New Building Cuts Telecom Costs by 90 Percent by Relying on Wireless
A residence hall now under construction will be the first to be
built without telephone lines or Ethernet ports installed in students'
rooms – the only cabling will be for emergency phones. "Using
wireless exclusively will cut our telecom costs by 90 percent for that
dorm," Johnson said. "Students can rely on their cell phones, and
will also have the option of using wireless SIP or H323 phones."
Gardner-Webb uses Bradford Networks' Campus Manager for network
access control, and its ability to interoperate with Meru's WLAN
controllers allows the university to implement identical security
policies across its wired and wireless networks. "Bradford's
integration with Meru provides our front-line security for faculty,
staff, students and visitors who come onto Gardner-Webb's campus," said
Eric Brewton, network engineer. Bradford's policy enforcement
prevents casual users from disrupting a mission-critical activities on
the WLAN by verifying wireless client "clean access" policies and also
provides emergency messaging to the university's wireless population.

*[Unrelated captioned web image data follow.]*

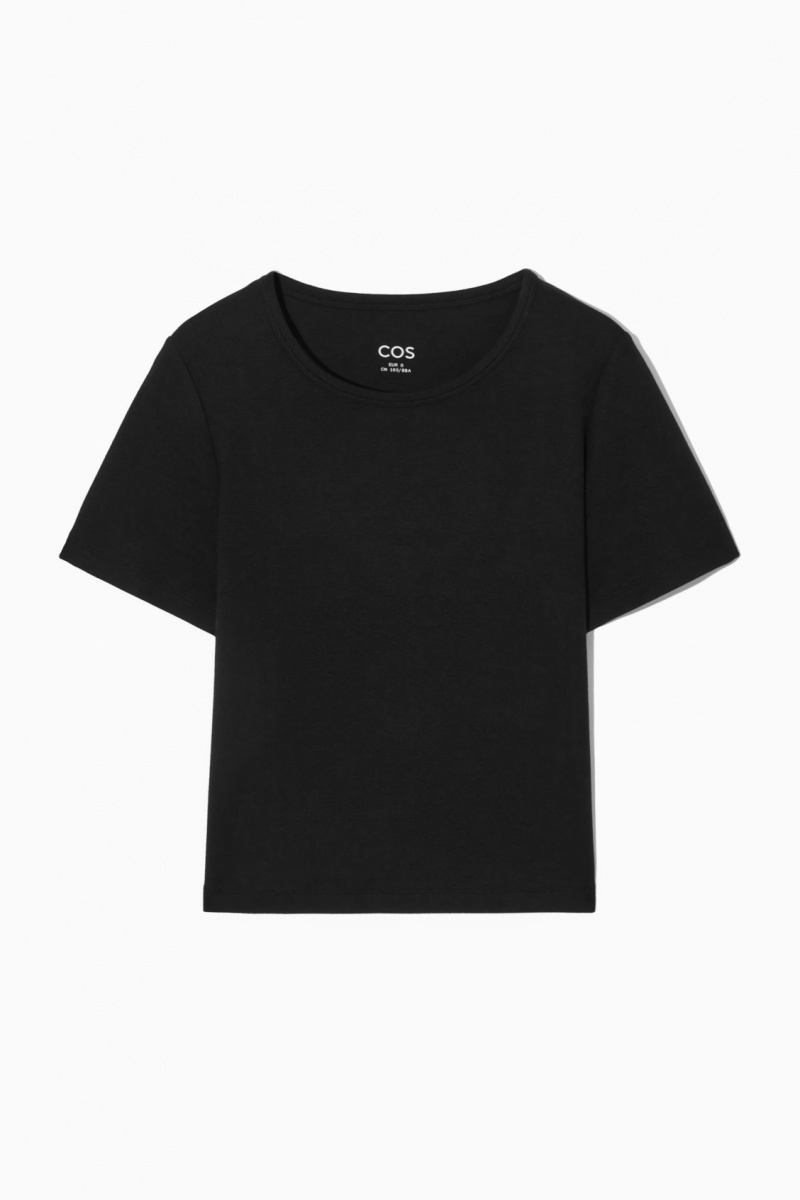 Women's COS Cropped Slim-Fit T-Shirt Black NZ-95NTDIWCB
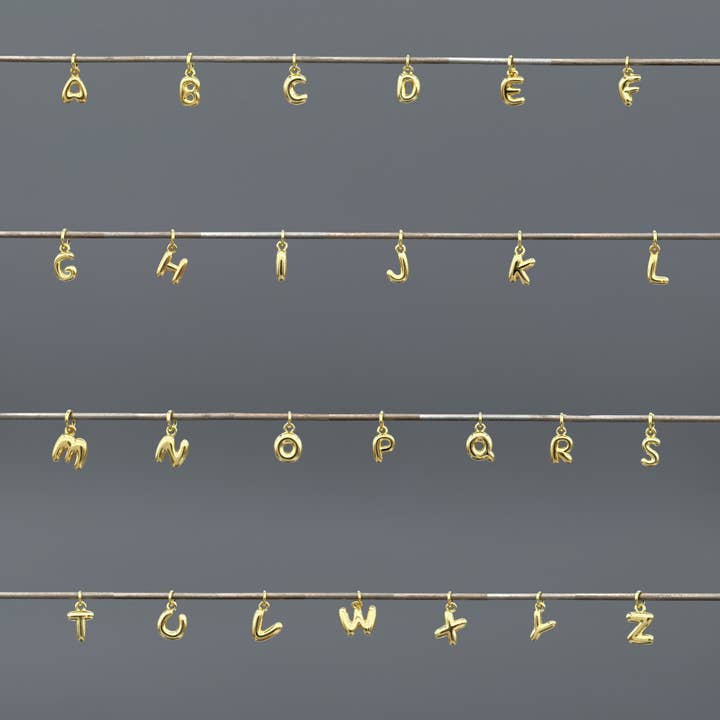 Something Silver - Wholesale Individual Charm/Pendant - Perfect Balloon Bubble Letter Initial Charm24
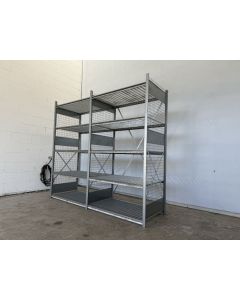Fachbodenregal Magazinregal, gebraucht | Dexion HI280 | Gesamthöhe: 2.400 mm | Gesamttiefe: 800 mm | Gitterrostboden | Regallänge: 2,71 lfm.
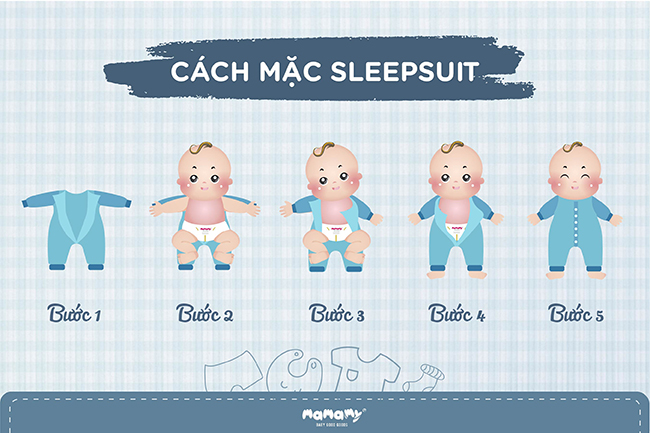 Cách mặc Sleep Suit cho bé sơ sinh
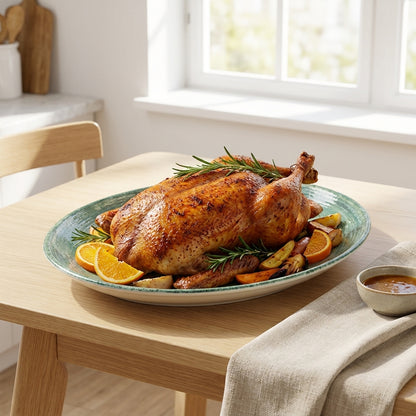 Roasted turkey on a platter with oranges and rosemary on a wooden table.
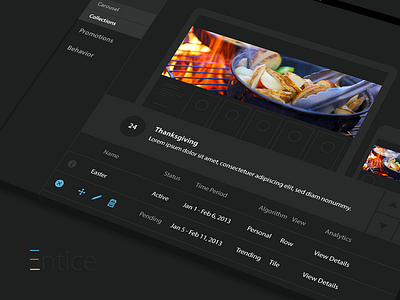 Entice • Collections CMS black cms content dark entice flat management ui user interface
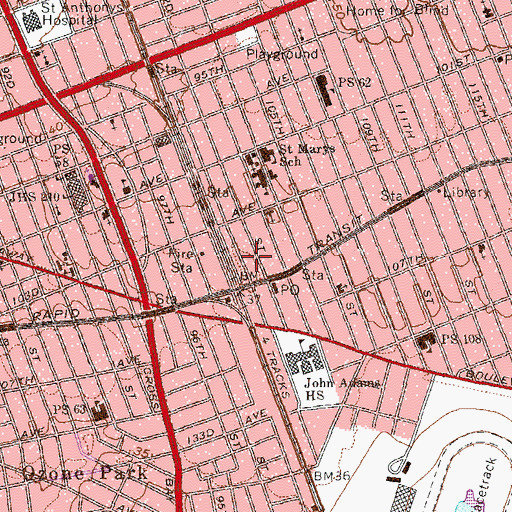 Topographic Map of New York Police Department 106th Precinct Station, NY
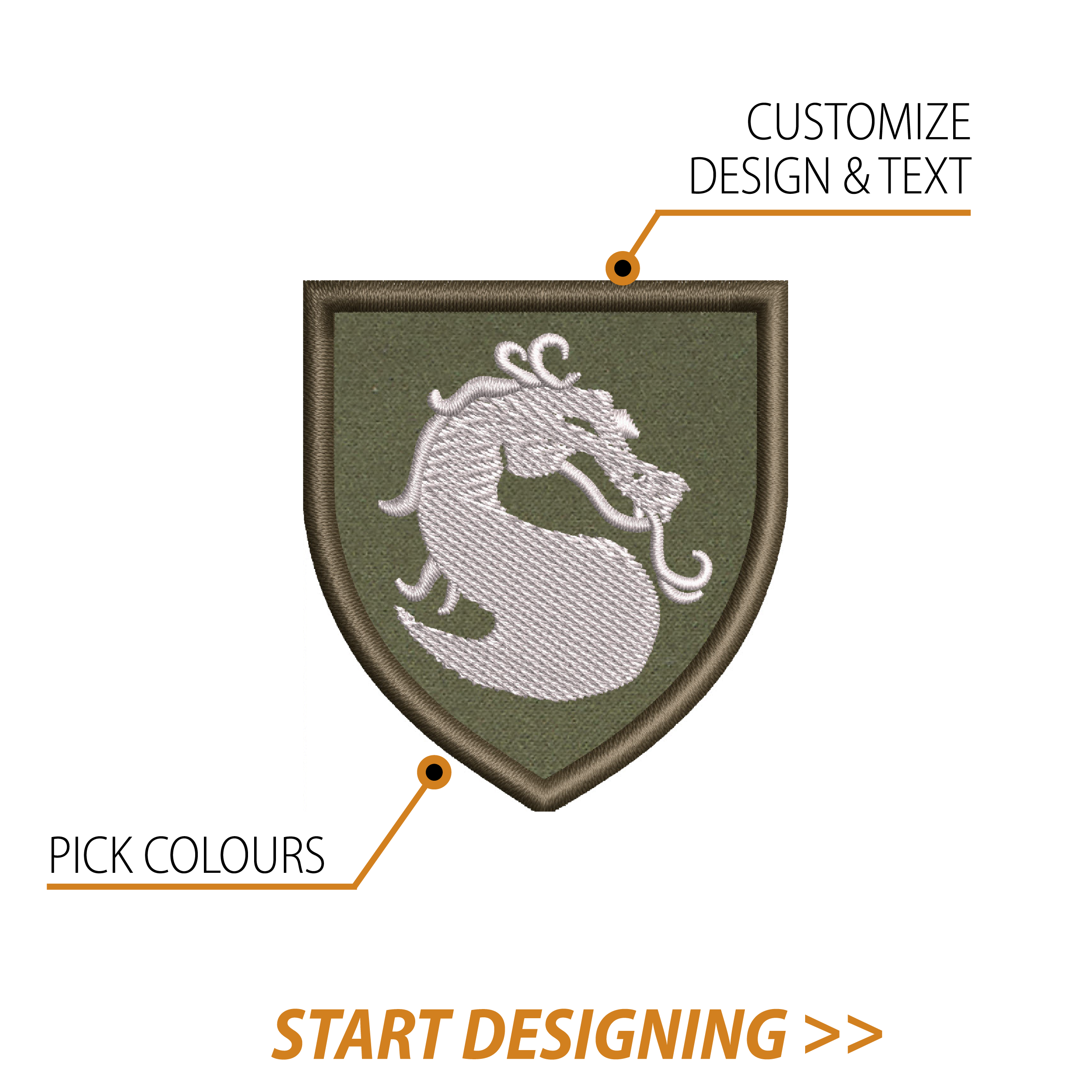 Create Your Own Shield Patch (2" x 2.20" Classic Shield)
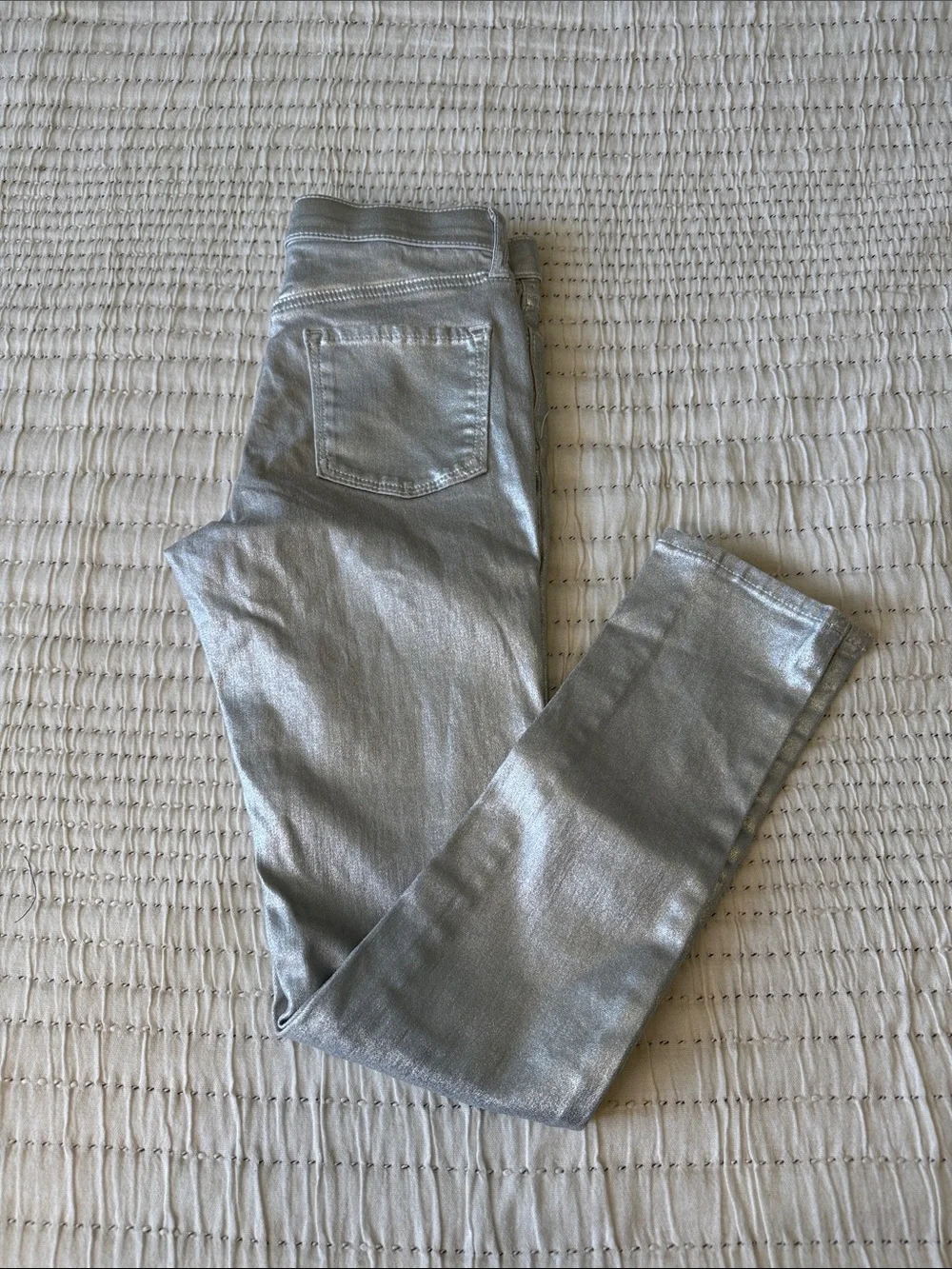 Old Navy Metallic Silver Skinny Jeggings (7)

In addition to the technology, Gardner-Webb considered the kind of
wireless partner it wanted to work with. "We were looking for a
company where wireless is the core business, not a division or a resold
brand," Johnson said. "They had to understand the concept of
'partnership', and be willing to put their people on campus to get a
deployment off the ground. And the company had to be financially
stable – what good would it do me to buy a 10-year solution if I didn't
think the company would be around for the future? Meru met all these
criteria."
Gardner-Webb's wireless deployment uses about 170 Meru AP320
dual-radio access points, which support the newest 802.11n standard but
are also backward-compatible with earlier 802.11a/b/g standards. A
Meru MC4100 controller provides centralized configuration and
management for all APs on the network.